Problem ▸ Return the data below in full, exactly as it stands.

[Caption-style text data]
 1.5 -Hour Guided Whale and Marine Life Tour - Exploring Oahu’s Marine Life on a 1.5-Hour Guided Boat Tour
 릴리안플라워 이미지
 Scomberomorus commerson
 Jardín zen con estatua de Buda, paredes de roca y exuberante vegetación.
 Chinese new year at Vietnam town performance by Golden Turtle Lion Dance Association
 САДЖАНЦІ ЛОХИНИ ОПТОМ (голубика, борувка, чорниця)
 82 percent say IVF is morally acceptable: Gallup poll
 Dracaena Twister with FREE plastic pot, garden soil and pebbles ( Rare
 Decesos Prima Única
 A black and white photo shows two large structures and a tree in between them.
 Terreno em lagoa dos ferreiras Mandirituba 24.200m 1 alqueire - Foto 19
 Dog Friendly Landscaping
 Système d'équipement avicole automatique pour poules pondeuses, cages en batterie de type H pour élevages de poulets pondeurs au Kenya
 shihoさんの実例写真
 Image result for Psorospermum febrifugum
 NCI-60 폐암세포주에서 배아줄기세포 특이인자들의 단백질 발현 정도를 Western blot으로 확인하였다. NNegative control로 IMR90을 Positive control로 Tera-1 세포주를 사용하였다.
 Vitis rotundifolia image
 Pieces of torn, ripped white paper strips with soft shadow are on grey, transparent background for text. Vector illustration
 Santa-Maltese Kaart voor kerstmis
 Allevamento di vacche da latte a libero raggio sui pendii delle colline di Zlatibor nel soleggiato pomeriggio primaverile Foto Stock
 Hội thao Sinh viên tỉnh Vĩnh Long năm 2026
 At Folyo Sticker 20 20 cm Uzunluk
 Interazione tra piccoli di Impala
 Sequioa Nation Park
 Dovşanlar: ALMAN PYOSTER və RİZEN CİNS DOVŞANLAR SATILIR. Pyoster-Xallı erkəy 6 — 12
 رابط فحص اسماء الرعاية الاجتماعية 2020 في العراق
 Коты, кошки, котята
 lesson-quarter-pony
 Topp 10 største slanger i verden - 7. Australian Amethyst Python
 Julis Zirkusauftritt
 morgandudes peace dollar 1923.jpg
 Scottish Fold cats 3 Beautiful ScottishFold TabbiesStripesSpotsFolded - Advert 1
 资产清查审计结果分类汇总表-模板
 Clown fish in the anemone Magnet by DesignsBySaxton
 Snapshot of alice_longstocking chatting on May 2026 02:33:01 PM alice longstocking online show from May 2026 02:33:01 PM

Solution below ▸
 1.5 -Hour Guided Whale and Marine Life Tour - Exploring Oahu’s Marine Life on a 1.5-Hour Guided Boat Tour
 릴리안플라워 이미지
 Scomberomorus commerson
 Jardín zen con estatua de Buda, paredes de roca y exuberante vegetación.
 Chinese new year at Vietnam town performance by Golden Turtle Lion Dance Association
 САДЖАНЦІ ЛОХИНИ ОПТОМ (голубика, борувка, чорниця)
 82 percent say IVF is morally acceptable: Gallup poll
 Dracaena Twister with FREE plastic pot, garden soil and pebbles ( Rare
 Decesos Prima Única
 A black and white photo shows two large structures and a tree in between them.
 Terreno em lagoa dos ferreiras Mandirituba 24.200m 1 alqueire - Foto 19
 Dog Friendly Landscaping
 Système d'équipement avicole automatique pour poules pondeuses, cages en batterie de type H pour élevages de poulets pondeurs au Kenya
 shihoさんの実例写真
 Image result for Psorospermum febrifugum
 NCI-60 폐암세포주에서 배아줄기세포 특이인자들의 단백질 발현 정도를 Western blot으로 확인하였다. NNegative control로 IMR90을 Positive control로 Tera-1 세포주를 사용하였다.
 Vitis rotundifolia image
 Pieces of torn, ripped white paper strips with soft shadow are on grey, transparent background for text. Vector illustration
 Santa-Maltese Kaart voor kerstmis
 Allevamento di vacche da latte a libero raggio sui pendii delle colline di Zlatibor nel soleggiato pomeriggio primaverile Foto Stock
 Hội thao Sinh viên tỉnh Vĩnh Long năm 2026
 At Folyo Sticker 20 20 cm Uzunluk
 Interazione tra piccoli di Impala
 Sequioa Nation Park
 Dovşanlar: ALMAN PYOSTER və RİZEN CİNS DOVŞANLAR SATILIR. Pyoster-Xallı erkəy 6 — 12
 رابط فحص اسماء الرعاية الاجتماعية 2020 في العراق
 Коты, кошки, котята
 lesson-quarter-pony
 Topp 10 største slanger i verden - 7. Australian Amethyst Python
 Julis Zirkusauftritt
 morgandudes peace dollar 1923.jpg
 Scottish Fold cats 3 Beautiful ScottishFold TabbiesStripesSpotsFolded - Advert 1
 资产清查审计结果分类汇总表-模板
 Clown fish in the anemone Magnet by DesignsBySaxton
 Snapshot of alice_longstocking chatting on May 2026 02:33:01 PM alice longstocking online show from May 2026 02:33:01 PM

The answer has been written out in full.